4 thoughts on “Removing a database from a replica in an Availability Group”
Good article, thank you! We do this regularly where we have a prod AG environment database backup being restored to an identical test AG environment system, is there a different way we should be doing that? Also in testing we have actually found it faster to just use Automatic seeding with Trace Flag 9567 (compression).
Thanks for your comment, but can you clarify what you mean by doing this regularly from prod to test? I was removing the secondary DB from the AG and then adding it back to the same AG…and not making any changes to the primary database.
It sounds like you are taking a backup from prod, restoring to dev and then…creating the AG? Is that correct?
Good article, as jim said, i’m regularly in the same scenario where customers needs to reload test environment with live backup.
so, T-SQL is my preference , i remember my last MCSE where it was a good idea to have a T-SQL strong knowledge
First, thank-you for writing this article, it was very informative; in addition, I was wondering if you guys could perhaps blog about a Distributed Availability Groups or DAGs?

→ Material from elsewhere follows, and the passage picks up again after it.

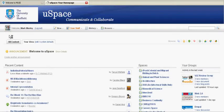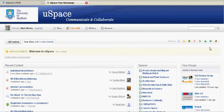Just click on USpace and it will take us straight in to USpace. And that's how to log in.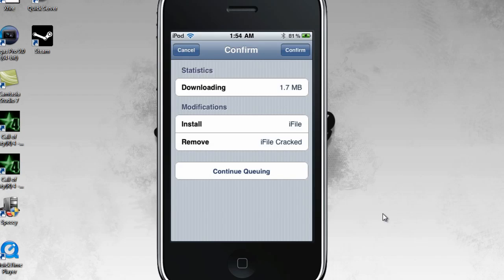And you have iFile. You basically could mod stuff, go inside apps, and do that.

For instance, the process of adding and removing Databases on a DAG is very similar but also different at the same time than a straight AG and seems to come with a different set of challenges; some steps can be done via the SSMS GUI while other steps must be scripted; and the exact order is not at all well documented.
Then, there are the problems that comes with synchronization (never really catching up) or, if synchronization fails completely, what steps do you take to diagnose and resolve the issue or just rebuild the DAG completely (and what a task that can be, starting over).
Microsoft might call this Enterprise level HADR, but if you can’t find the tools right away to diagnose performance issues or recover failure, then I’m not sure its really Enterprise Level HADR.